Greatest Hits of 1830
On Aug. 7, 1829, 20-year-old Felix Mendelssohn boarded a steamer to visit a group of islands off the west coast of Scotland called The Hebrides. "Towering green waves were rolling into a cavern that was strange beyond belief, its many pillars resembling the interior of a monstrous organ, black, resonant and serving no other purpose than just being there," he wrote of the Isle of Staffa's most famous feature: Fingal's Cave. The encounter inspired him to compose his greatest concert overture, Die Hebriden (Fingalshöhle), Op. 26, which premiered in 1830. Mendelssohn combines a wave-like motif with ancient intonations derived from Norse mythology. The result is magnificent mood painting that counted among its many admirers such contrasting musical temperaments as Brahms and Wagner.

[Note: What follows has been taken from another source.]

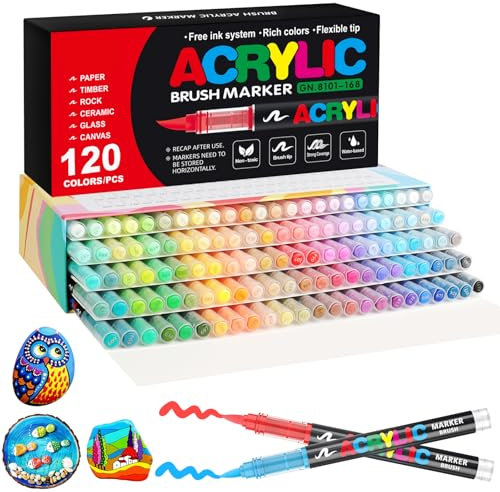 Funnasting 120 Color Rotuladores Acrilicos, Cabeza de Cepillo Suave Rotulador Acrilico, Marcadores Acrílicos para Colorear Vidrio, Pinturas Rupestres y Artículos de Artes y Oficios de Bricolaje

Though Mendelssohn's D Major symphony (the Reformations-Symphonie) came to be numbered and published last among the five symphonies he composed between 1824 and 1842, it was actually the second in order of composition-like his Hebrides Overture, a product of 1830-composed in commemoration of the tercentenary of the Augsburg Confession by the devoutly Lutheran Mendelssohn. The work's rather tumultuous first movement quotes the so-called Catholic "Dresden Amen," a peaceful interlude in the midst of bitter religious strife. There is an even more overtly religious connotation with his emphatic use of Luther's chorale, Ein feste Burg ist unser Gott, resplendently scored for brass, in the Allegro Maestoso finale.

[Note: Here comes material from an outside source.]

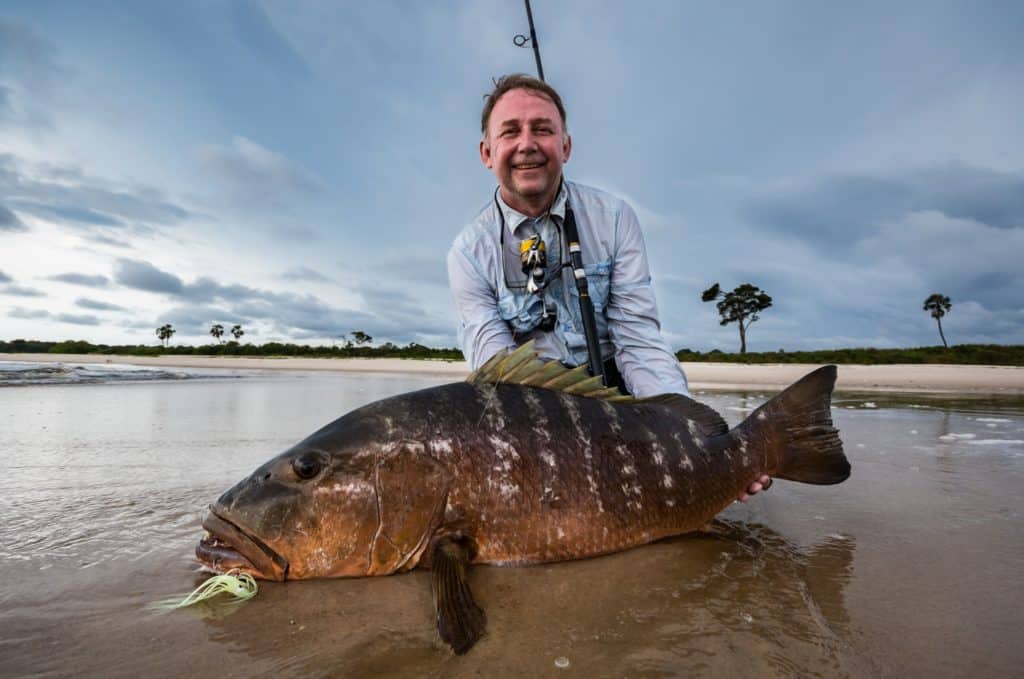 Fishing Gabon's Breathtaking Beaches - an African cubera snapper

1830 was also the year of the July Revolution in France, which saw the overthrow of the Bourbon King Charles X. Such an event certainly put its imprint upon musicians and artists (including the famous painting La liberté guidant le peuple by Eugène Delacroix). Such an environment is where we find the already hypersensitive and overwrought composer Hector Berlioz (1803-'69). To this atmosphere we must add the fact that Berlioz was infatuated with the Irish actress Harriet Smithson. He was inspired to compose what remains his most popular and famous work, the groundbreaking Symphonie fantastique, Op. 14. After its Dec. 5, 1830, Paris premiere, the five-movement work tracing the travails of a devouring love signaled the start of a new development: "program music," a genre later perfected by Franz Liszt and Richard Strauss.

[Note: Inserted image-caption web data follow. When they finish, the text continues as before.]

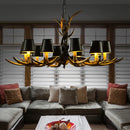 GobekUsa Antler Chandelier: Retro Resin Pendant Lamp for Living Room, Modern Rustic Lighting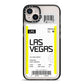 Boarding Pass iPhone 14 Plus Black Impact Case on Silver phone
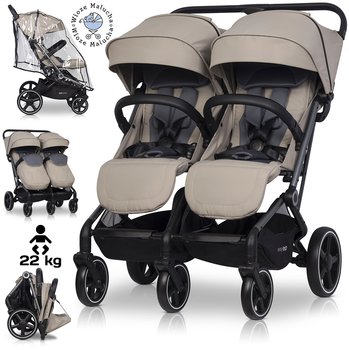 LEKKI WÓZEK BLIŹNIACZY EASYGO ECHO SAVANA BEIGE + FOLIA + DODATKI DO 47KG - EasyGo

This musical sketch of Berlioz's brooding and vivid imagination cast a spell over its audiences, which had never before been confronted with such a colorful and highly personal portrait of love, jealousy, vengeance and death. Due to its tremendous strengths, the Symphonie fantastique retains its interest to this day, for it succeeds-as Berlioz himself hoped it would-in "laying claim to an independent and purely musical interest of its own, quite apart from any dramatic aim."
These three great works of the year 1830 are performed by the Milwaukee Symphony Orchestra under Nicholas McGegan on Nov. 28-29 at Uihlein Hall.